Als dit wordt overeengekomen, welke logica schuilt er dan in het verzet van het establishment om de gedrukte stembriefjes te verstrekken en te tellen die uit elke machine komen wanneer de elektronische stemming wordt geregistreerd?
Het argument hiertegen is inderdaad veel te flauw om instemming te rechtvaardigen: als het daadwerkelijke uitbrengen van de stemmen over bijna twee maanden kan worden gespreid, waarom kan het tellen van de stemmen dan niet met een paar dagen worden uitgesteld als dat nodig is?

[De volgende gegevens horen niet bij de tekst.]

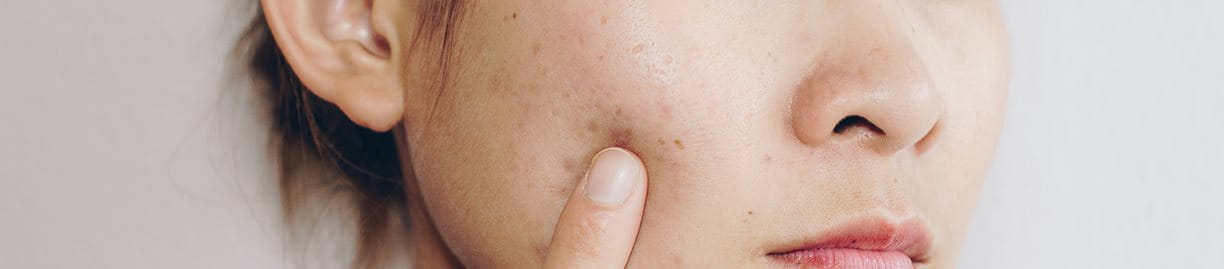 các bước skincare cho da mụn tuổi dậy thì hiệu quả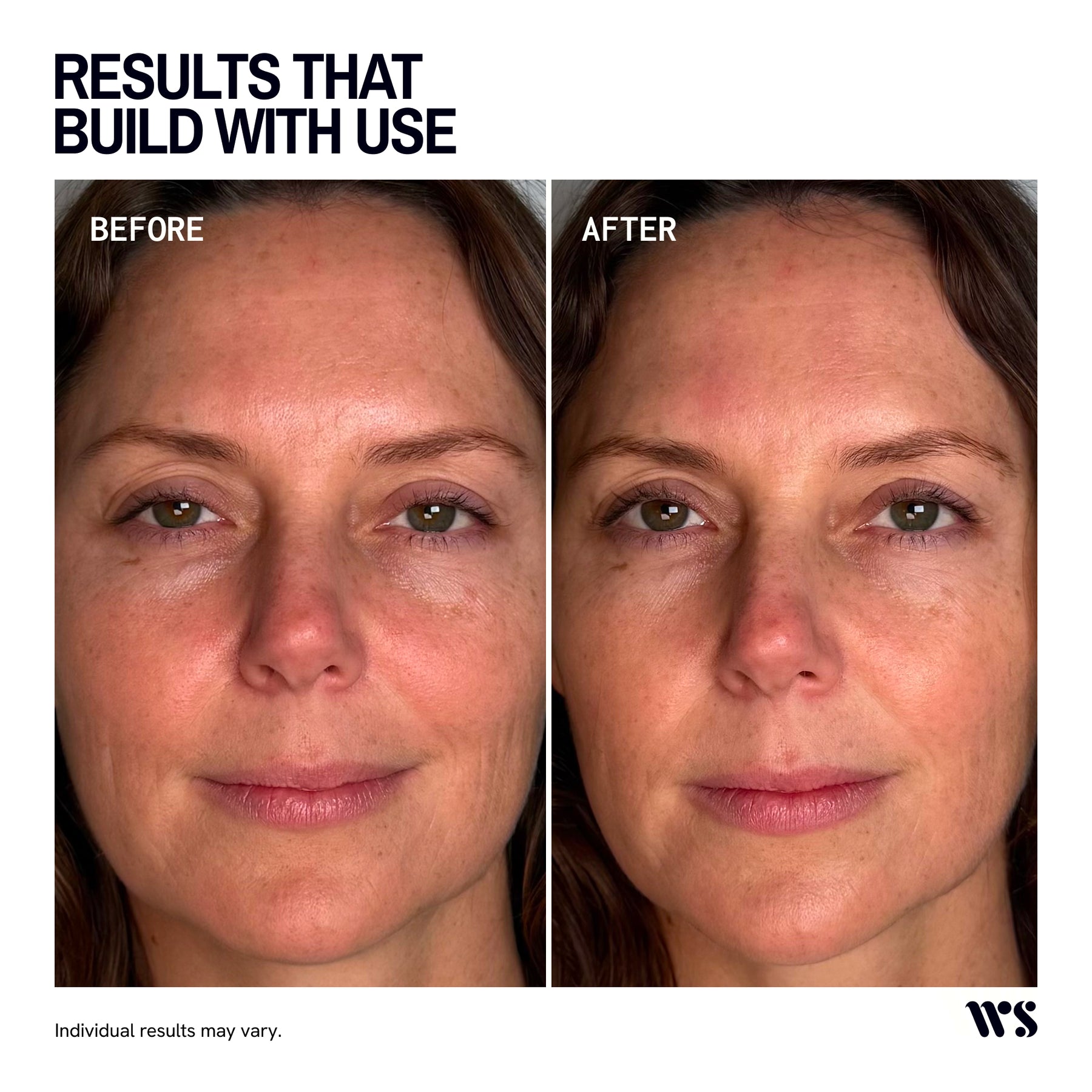 Wrinkles Schminkles Facial Plumping Facial Sheet Mask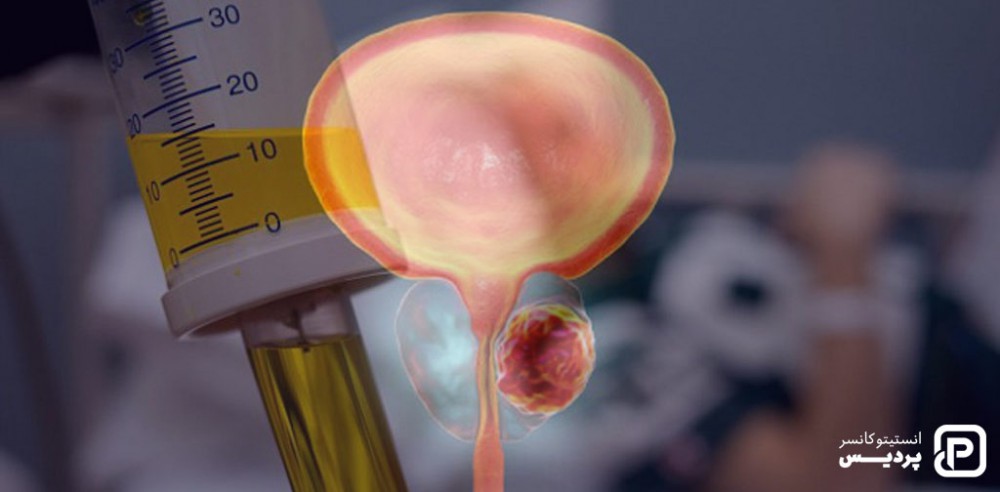 شیمی درمانی زمانی استفاده می شود که سلول های سرطانی به خارج از غده پروستات گشترس یافته باشند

Om niet de vraag te stellen waarom bijna 120 landen het gebruik van elektronisch stemmen overboord hadden moeten gooien.
Concluderend: als de werking van het mandaat inderdaad overal en in elk aspect eerlijk en eerlijk zal zijn, en als het Hooggerechtshof het in zijn wijsheid passend acht om een 100% gebruik van VVPATS te eisen, vanaf de dag mag niet meer worden gezegd dat de uitslag van de verkiezingen van 2024 een uitgemaakte zaak is.
ZNetwork wordt uitsluitend gefinancierd door de vrijgevigheid van zijn lezers.